Our response to specific issues within the London Assembly’s report:
Communications/mobile phone issues
We have been open about the fact that we were over-reliant on mobile phones. We have now issued all our managers with radio pagers, which are more resilient in a major incident.
Technically our radios worked, though we have admitted that the volume of traffic on our radio system made it difficult for managers to get through and speak to the control room. We have made changes to our internal procedures to address these problems, and have reconfigured our major incident control room so we can deal more effectively with a number of simultaneous incidents. The Service has also been brought forward in the roll-out programme for a new national digital radio system for ambulance services, and this should be fully operational early in 2008.
To clarify, it was our managers who had difficulty in communicating with our central control room that day; once at scene our ambulance crews come under the direct control of local management teams and do not need to contact our control room for instructions, either by mobile phone or radio.
Use of hospitals
On 7 July, we initially put all the hospitals in London on standby, letting them know that a major incident had occurred and that we might need their assistance. We then confirmed with seven hospitals that we would be bringing patients into them.
Distribution of patients to these hospitals was generally good, with the exception of the Royal London Hospital which received three busloads of patients with minor injuries from two of the scenes. Faced with communication problems, our operational managers on the ground quite rightly took the decision to use the buses based on information they were receiving from ambulance crews and their local knowledge of hospitals in the area.
There is no doubt, however, that if communications had been better, we would have achieved a better distribution of patients with minor injuries by spreading the load across three or more hospitals.

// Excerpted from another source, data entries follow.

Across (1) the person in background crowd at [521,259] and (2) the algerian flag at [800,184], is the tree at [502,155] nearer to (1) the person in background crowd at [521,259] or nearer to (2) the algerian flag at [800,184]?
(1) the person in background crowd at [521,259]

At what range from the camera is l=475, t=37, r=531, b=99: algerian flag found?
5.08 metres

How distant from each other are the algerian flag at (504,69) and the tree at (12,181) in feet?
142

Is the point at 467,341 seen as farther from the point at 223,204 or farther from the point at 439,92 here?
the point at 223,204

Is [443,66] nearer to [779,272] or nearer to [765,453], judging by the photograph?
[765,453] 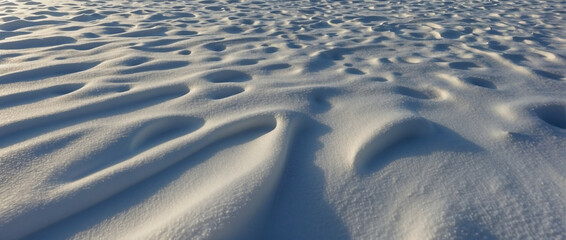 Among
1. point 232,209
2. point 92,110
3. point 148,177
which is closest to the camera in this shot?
point 232,209

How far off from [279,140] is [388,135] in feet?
1.25

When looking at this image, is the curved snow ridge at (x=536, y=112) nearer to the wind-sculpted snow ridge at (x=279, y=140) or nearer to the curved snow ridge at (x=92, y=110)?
the wind-sculpted snow ridge at (x=279, y=140)

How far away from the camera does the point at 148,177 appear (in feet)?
3.67

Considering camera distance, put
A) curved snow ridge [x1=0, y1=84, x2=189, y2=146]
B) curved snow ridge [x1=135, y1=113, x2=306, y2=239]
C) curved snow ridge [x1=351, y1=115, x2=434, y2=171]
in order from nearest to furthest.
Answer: curved snow ridge [x1=135, y1=113, x2=306, y2=239], curved snow ridge [x1=351, y1=115, x2=434, y2=171], curved snow ridge [x1=0, y1=84, x2=189, y2=146]

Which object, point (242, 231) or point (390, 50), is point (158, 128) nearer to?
point (242, 231)

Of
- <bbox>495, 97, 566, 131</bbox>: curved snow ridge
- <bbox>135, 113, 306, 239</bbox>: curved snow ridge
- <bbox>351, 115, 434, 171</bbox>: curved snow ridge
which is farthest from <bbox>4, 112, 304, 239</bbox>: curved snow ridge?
<bbox>495, 97, 566, 131</bbox>: curved snow ridge

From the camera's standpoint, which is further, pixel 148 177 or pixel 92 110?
pixel 92 110

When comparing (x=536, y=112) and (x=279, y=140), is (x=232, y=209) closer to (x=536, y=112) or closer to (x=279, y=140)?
(x=279, y=140)

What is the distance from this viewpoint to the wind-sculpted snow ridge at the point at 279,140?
0.95 meters

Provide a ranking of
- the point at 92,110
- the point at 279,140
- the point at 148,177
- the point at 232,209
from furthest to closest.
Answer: the point at 92,110 < the point at 279,140 < the point at 148,177 < the point at 232,209

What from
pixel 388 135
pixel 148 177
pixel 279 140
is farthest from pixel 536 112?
pixel 148 177

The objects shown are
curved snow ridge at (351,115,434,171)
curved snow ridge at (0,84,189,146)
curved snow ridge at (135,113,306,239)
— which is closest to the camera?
curved snow ridge at (135,113,306,239)

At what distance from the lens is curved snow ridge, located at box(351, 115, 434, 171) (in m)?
1.20

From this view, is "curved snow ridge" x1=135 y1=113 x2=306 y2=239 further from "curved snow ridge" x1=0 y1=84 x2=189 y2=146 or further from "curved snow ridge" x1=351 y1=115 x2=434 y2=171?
"curved snow ridge" x1=0 y1=84 x2=189 y2=146
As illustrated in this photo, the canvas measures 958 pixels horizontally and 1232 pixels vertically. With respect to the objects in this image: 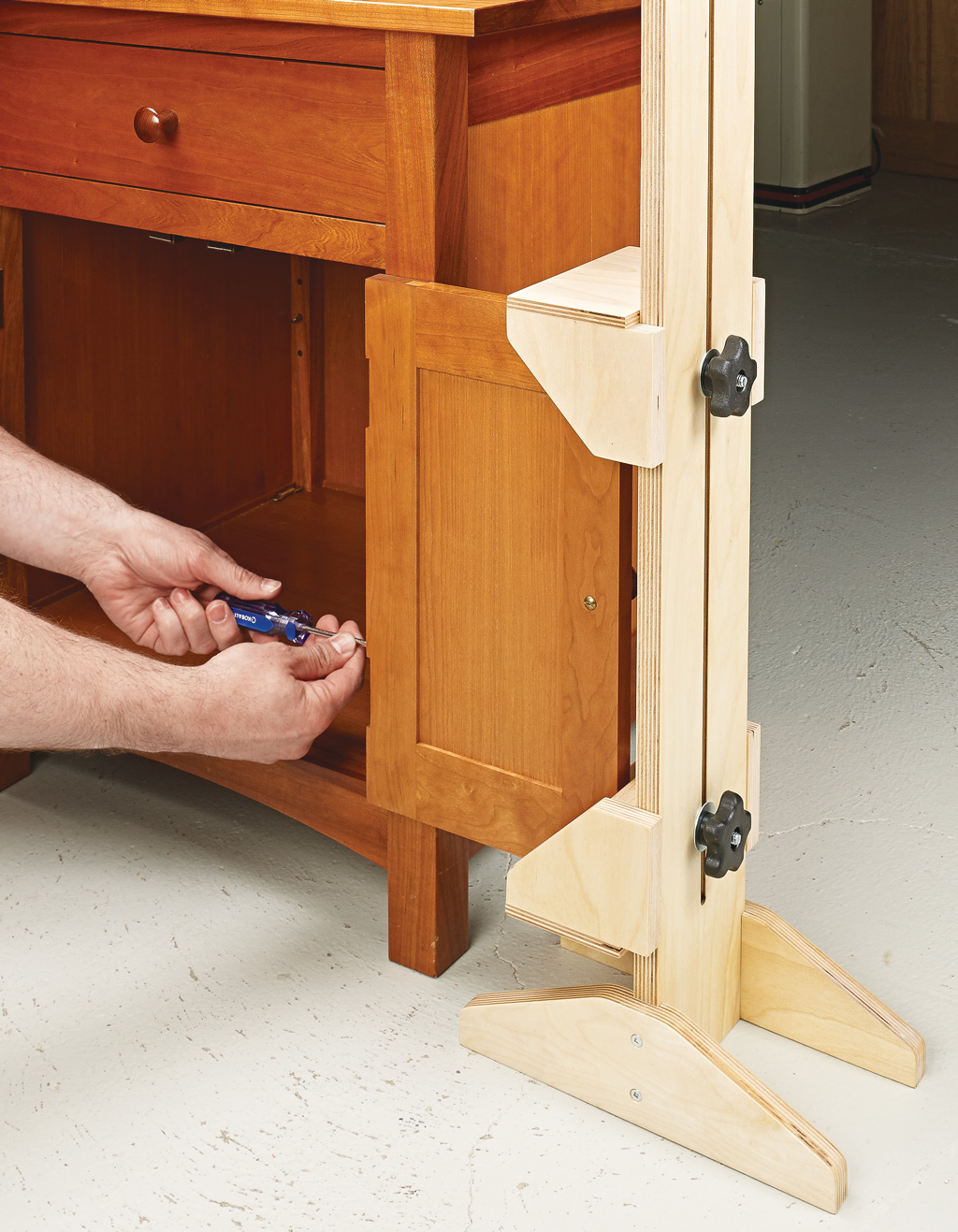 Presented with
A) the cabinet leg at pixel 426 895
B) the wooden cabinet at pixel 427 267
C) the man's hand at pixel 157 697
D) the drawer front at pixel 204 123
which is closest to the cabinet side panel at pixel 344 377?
the wooden cabinet at pixel 427 267

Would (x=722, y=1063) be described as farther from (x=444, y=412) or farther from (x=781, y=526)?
(x=781, y=526)

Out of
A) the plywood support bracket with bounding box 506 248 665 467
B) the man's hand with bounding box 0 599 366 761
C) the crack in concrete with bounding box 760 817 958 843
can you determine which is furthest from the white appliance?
the plywood support bracket with bounding box 506 248 665 467

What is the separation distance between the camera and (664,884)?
1054 millimetres

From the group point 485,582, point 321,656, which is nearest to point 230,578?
point 321,656

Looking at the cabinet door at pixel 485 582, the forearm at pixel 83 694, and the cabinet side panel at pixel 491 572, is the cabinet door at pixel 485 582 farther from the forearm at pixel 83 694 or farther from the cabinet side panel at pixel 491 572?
the forearm at pixel 83 694

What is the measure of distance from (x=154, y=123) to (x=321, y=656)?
46 cm

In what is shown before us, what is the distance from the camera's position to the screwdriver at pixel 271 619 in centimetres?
141

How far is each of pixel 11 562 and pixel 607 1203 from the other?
0.87 meters

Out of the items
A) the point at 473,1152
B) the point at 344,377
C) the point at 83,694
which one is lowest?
the point at 473,1152

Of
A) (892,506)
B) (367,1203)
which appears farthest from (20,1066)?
(892,506)

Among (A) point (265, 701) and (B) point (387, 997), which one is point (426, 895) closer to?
(B) point (387, 997)

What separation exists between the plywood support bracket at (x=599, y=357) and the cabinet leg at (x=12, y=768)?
32.8 inches

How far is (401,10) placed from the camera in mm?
1024

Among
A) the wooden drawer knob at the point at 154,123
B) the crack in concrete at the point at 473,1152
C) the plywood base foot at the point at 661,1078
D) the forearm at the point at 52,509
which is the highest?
the wooden drawer knob at the point at 154,123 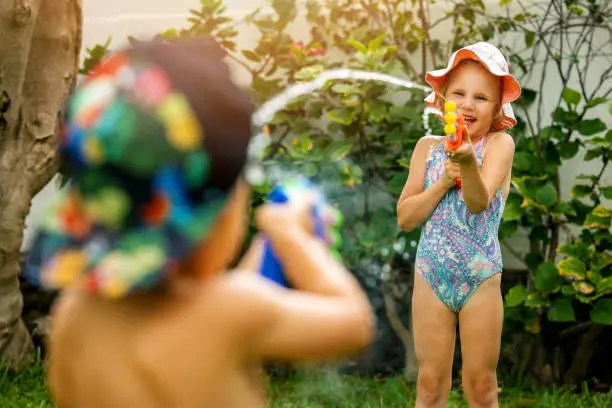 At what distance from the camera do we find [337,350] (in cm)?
131

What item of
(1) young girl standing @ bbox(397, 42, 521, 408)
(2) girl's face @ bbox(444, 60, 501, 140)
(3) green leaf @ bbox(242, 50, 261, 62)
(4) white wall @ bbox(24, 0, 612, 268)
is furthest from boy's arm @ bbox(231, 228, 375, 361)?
(4) white wall @ bbox(24, 0, 612, 268)

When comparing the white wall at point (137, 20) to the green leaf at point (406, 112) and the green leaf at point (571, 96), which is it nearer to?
the green leaf at point (406, 112)

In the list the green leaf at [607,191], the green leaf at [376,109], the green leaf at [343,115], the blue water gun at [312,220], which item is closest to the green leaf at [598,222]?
the green leaf at [607,191]

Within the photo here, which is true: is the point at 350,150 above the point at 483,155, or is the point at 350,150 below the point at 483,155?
below

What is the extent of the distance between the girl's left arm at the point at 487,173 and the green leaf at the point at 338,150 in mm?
1487

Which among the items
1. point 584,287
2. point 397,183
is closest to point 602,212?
point 584,287

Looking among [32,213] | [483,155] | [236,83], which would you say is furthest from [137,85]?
[32,213]

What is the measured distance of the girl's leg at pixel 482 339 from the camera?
3.00 m

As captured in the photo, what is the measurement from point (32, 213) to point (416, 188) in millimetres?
3126

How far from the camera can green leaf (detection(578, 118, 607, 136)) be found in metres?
4.40

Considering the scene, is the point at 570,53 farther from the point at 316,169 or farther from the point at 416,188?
the point at 416,188

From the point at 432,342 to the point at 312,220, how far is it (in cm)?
179

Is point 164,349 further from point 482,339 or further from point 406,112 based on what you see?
point 406,112

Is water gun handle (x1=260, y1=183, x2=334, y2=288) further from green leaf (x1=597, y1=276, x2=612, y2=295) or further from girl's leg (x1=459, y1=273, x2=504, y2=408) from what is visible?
green leaf (x1=597, y1=276, x2=612, y2=295)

Delay in additional ambulances being sent to Russell Square
We got to all the scenes very quickly and gave priority to those people who were most seriously injured, treating and taking them to hospital as quickly as possible.
We experienced delays in getting a second wave of ambulances to Russell Square; our communication problems made it difficult for our managers to request further resources, and it is also evident that ambulance crews who were on their way to Russell Square instead became involved with the rescue operation at the bus bombing in nearby Tavistock Square. Once it became apparent that this was happening, staff were redeployed to Russell Square.
The delays in sending the second wave of ambulances meant that it took us longer to get the less seriously injured patients to hospital, but we still managed to treat over 400 patients and take them from the sites within three hours.
Availability of medical equipment
Given the nature of the incidents and the large number of casualties involved, it was inevitable that medical supplies were going to be used up quickly. We accept that there were delays in getting further equipment to some of the scenes, but we worked hard do address this and were able to move all patients to hospital within three hours.
We have since reviewed levels of equipment carried on our emergency support vehicles, and we also now carry additional supplies on 25 of our training officer vehicles.
Thanks to the folks in the communication department for getting back to me and letting me post this up on here. As I got it off our internal network, I thought it best to ask permission first.